The commentary on that test is:

  Create xattrs with multiple keys that all appear the same
  (in unicode, anyway) but point to different values.  In theory all
  Linux filesystems should allow this (filenames are a sequence of
  arbitrary bytes) even if the user implications are horrifying.

and looking at the script it seems to indeed just do setfattr and
getfattr with some unusual data (ie high bit set).

Adding Ted, since this is apparently all on ext4. I guess it could be
the vfs layer too, but it really doesn't tend to look very much at the
xattr data, so.. Adding Christian Brauner anyway, since he's been
working in this area for other reasons.

Ted, Christian - I cut down the report mercilessly.
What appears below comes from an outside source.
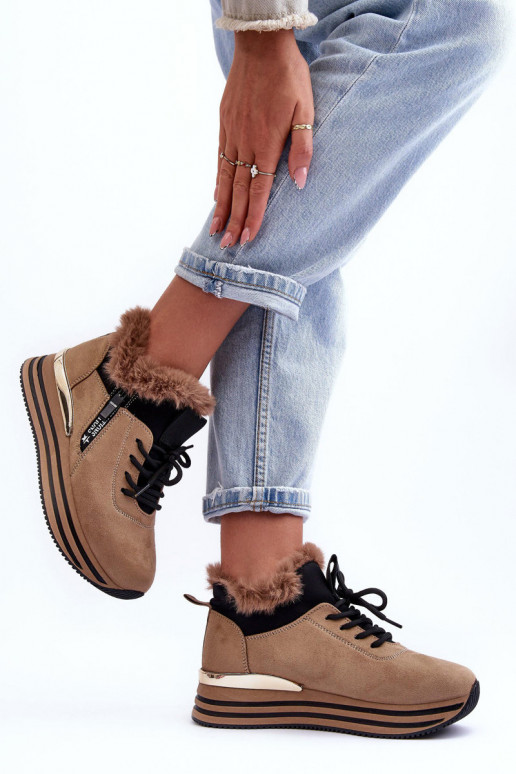 Plateau-Sneaker mit Fell in Beige Jamarie Plateau-Sneaker mit Fell in Beige Jamarie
It's not really
all that interesting, apart from the basic information of "xfstest
generic/454 started failing consistently on ext4 at commit
3bc753c06dd0 ('kbuild: treat char as always unsigned')".

If you think you need more, see

    https://lore.kernel.org/all/202212291509.704a11c9-oliver.sang@intel.com/

Also, I'm surprised this hasn't been an issue earlier - 'char' has
always been unsigned on arm (among other architectures), so if this
test started failing now on x86-64 due to -funsigned-char, it has
presumably been failing on arm the whole time.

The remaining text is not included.